Correspondance de Voltaire/1770/Lettre 8071

8071. — DE CATHERINE II[1],
impératrice de russie.
Novembre 1770.

Je n’ai pour aujourd’hui presque aucune nouvelle à vous mander ; je répondrai simplement à votre lettre du 2 octobre pour vous dire que le lieutenant général Berg, qui tient avec son corps la distance depuis Taganrog jusqu’au Borysthène, a pensé prendre prisonnier le kan de Crimée, qui d’Otchakof voulait passer à Pérécop, d’où on avait envoyé du monde à sa rencontre.

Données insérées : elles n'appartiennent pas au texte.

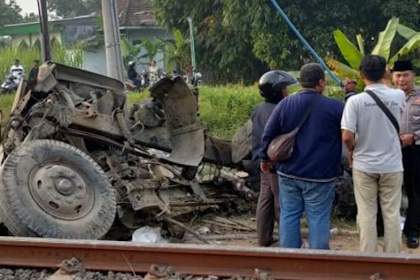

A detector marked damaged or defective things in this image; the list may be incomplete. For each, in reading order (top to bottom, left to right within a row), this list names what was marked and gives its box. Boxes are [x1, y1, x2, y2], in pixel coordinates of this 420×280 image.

damaged wheel [0, 140, 116, 238]
destroyed vehicle [0, 62, 253, 240]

Le reste de ses équipages a été pris, et son monde tué, dispersé ou fait prisonnier. Lui-même s’est jeté dans Otchakof. On peut le compter sans se tromper pour un prince dévalisé de la bonne façon, car une partie de ses sujets, les trois hordes de Belgorod et du Boudjak, qui habitent entre le Dniester et le Danube, et celle d’Edissan, qui se tient entre le Dniester, le Borysthène, Otchakof et Bender, se sont déclarées pour la Russie. La Crimée lui reste, mais les esprits y sont divisés ; une grande partie penche pour nous ; l’autre, pour la paix, et personne n’a envie de se battre, parce qu’ils voient que leur plus grand appui, les Turcs, sont mis hors d’état de les secourir.

Moustapha pense, dit-on, tout de bon de se retirer à Andrinople ; il veut commander en personne l’année qui vient. Ce prince se laisse bercer encore, à l’heure qu’il est, de la douce pensée que nous serons incapables de soutenir la guerre encore deux campagnes. Le pauvre homme ignore qu’au commencement de ce siècle, où la Russie était moins riche, et où, pour ainsi dire, elle connaissait moins ses ressources, elle a cependant été en guerre pendant trente ans consécutifs. Il fera comme il lui plaira ; la guerre et la paix sont à son choix. J’aime la paix, mais les grands événements de la guerre ne me déplaisent point.

Vous conviendrez que cette campagne est une des plus jolies qu’on puisse faire ; elle me console du chagrin de voir qu’on a à Paris des carrosses, des surtouts de dessert, des chœurs de nouvelle mode, charmants et bruyants, et que vos danseuses allemandes dansent mieux que mes italiennes. Je sais aussi qu’on y meurt de faim. En Russie tout va le train ordinaire : il y a des provinces où l’on ignore presque que depuis deux ans on est en guerre. On ne manque de rien nulle part ; l’on chante le Te Deum, l’on danse et l’on se réjouit.

Je suis bien sensible, monsieur, à vos politesses et à celles de M. d’Alembert. Mes armées sont entrées en quartiers d’hiver. Elles ne sauraient aller aussi vite que vous le souhaitez, parce que dans les vingt-quatre heures il faut reposer une fois et manger deux. L’année qui vient, nous verrons ce qu’il y aura à faire.

En attendant je suis occupée bien agréablement par la présence du prince Henri de Prusse, dont assurément le mérite répond à sa grande réputation. Il me paraît qu’il ne se déplaît pas tout à fait ici. Nous parlons souvent de vous. Adieu, monsieur, vivez les années de Mathusalem, et soyez assuré de mon amitié.

  1. Réponse à la lettre de Voltaire du 2 octobre. Cette lettre, publiée dans la Collection de Documents Mémoires et Correspondances de la Société impériale de Russie, tome XV, page 51, n’est pas dans les précédentes éditions de Voltaire.